Final Project

Updates: Final Project Logistics

Based on last week’s survey, final project will still be individual project. Meanwhile, certain “collaborations” will be encouraged. This includes discussion among students, sharing useful online resources, and providing peer-reviews of final reports. However, it is NOT allowed to use code written by other students in the class, and everyone needs to write their own report. You need to write an acknowledge section in your final report (not counted towards 10 pages) to list all help you receive from other students in the class. Every report will be graded using the same criteria.

The goals of the final project are to maximize everyone’s learning experiences and ensure fairness. In the survey, the majority (79.5%) of the class expressed preference to do final projects on their own. Many expressed concern of fairness of allowing pair projects, which includes concern of unfair grading criteria for pairs and free-riders. Meanwhile, some proposed ideas of getting peer-feedbacks from each other. Therefore, I decide to keep the previous format of individual final project, but I will encourage students to interact with each other in the aforementioned ways.
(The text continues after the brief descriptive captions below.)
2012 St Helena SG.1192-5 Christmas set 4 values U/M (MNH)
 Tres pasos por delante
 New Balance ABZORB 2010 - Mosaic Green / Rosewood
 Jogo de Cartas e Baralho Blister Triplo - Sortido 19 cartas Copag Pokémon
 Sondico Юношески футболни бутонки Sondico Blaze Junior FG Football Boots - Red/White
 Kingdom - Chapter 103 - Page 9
There is also a popular voice in the survey to broaden topics for the project. Unfortunately, in this way we will not be able to provide useful feedbacks for you to learn and ensure fairness given the size of the class. However, you are encouraged to bring your own data to your project as long as the machine learning models you use belong to the four topics we list below.

Overview

The course has an open-ended project, with the objective of giving you an opportunity to learn something hands-on. My expectation on your projects is high. It is not because that I want to give you a hard time, but it is because that I hope to bring you one step closer to the machine learning community. (Yes, by the machine learning community I really mean the real one. There are many gobbly goop in our times, and you know what I mean.) If your career goal is to pursue a data science, computer vision, or deep learning type of jobs, it is better to understand their expectations sooner than later.
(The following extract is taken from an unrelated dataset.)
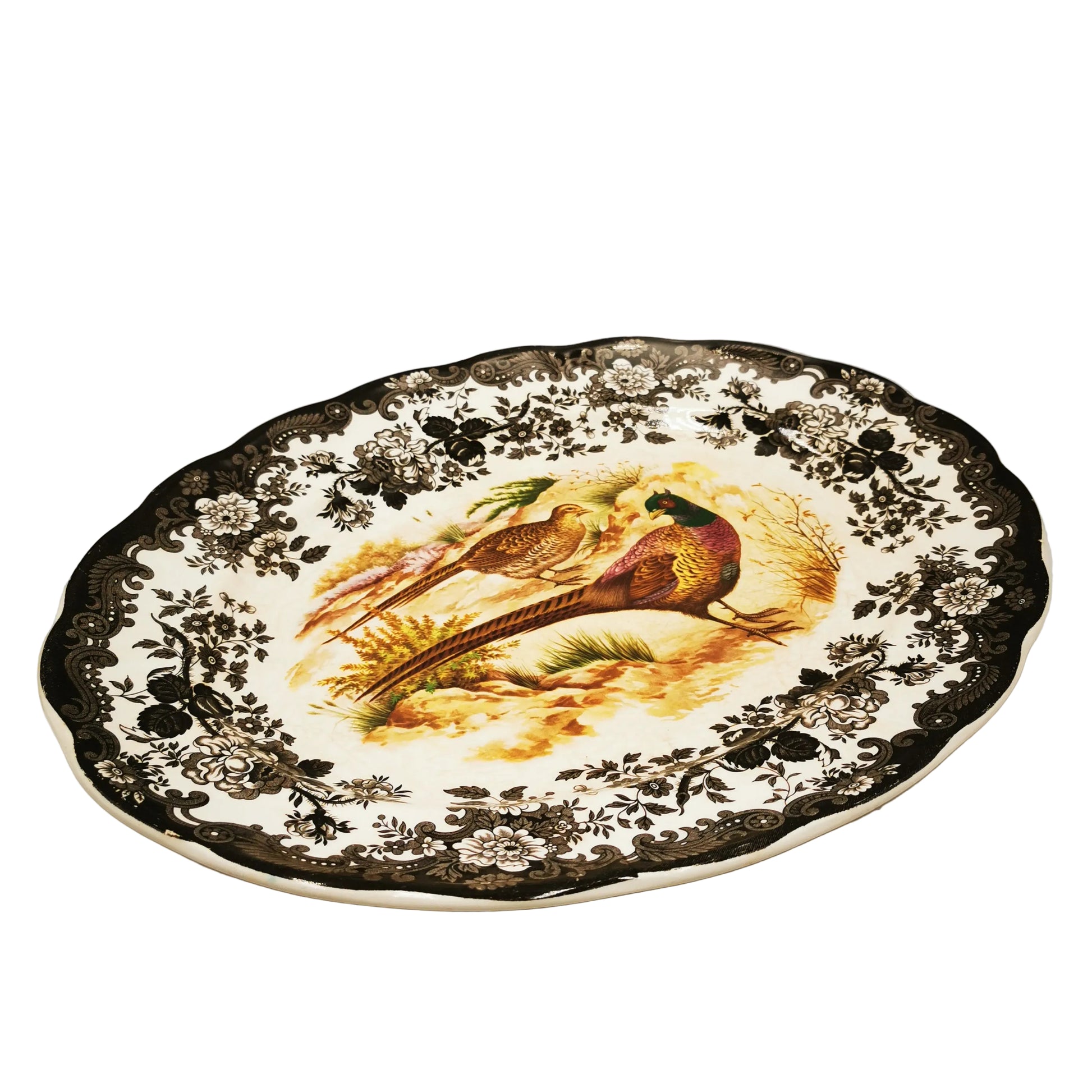 Palissy-China-Game-Series-Pheasants-16-inch-Platter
With this goal in mind, I will aim for a standard in par with ICML, NeurIPS, ICLR, CVPR, ICCV, ECCV, etc. I will ask you to write a 10-page paper. The teaching staff will act like the reviewers of your paper.

You need to choose one of the topics below. There are specific suggestions for each topic.

Instructions

Your report (aka paper) should have the following sections.

Introduction. In the introduction section, you need to define the problem, and justify why it is a valuable problem to investigate. In each of the topics below, you are likely going to pick one or two sub-topics to investigate. In the introduction, I want to see your explanation of why do you pick those sub-problems. You can explain their significance, e.g., by solving this problem we will gain certain insights. Think about a conference reviewer. Why would somebody accept your paper? It has to be relevant, and useful.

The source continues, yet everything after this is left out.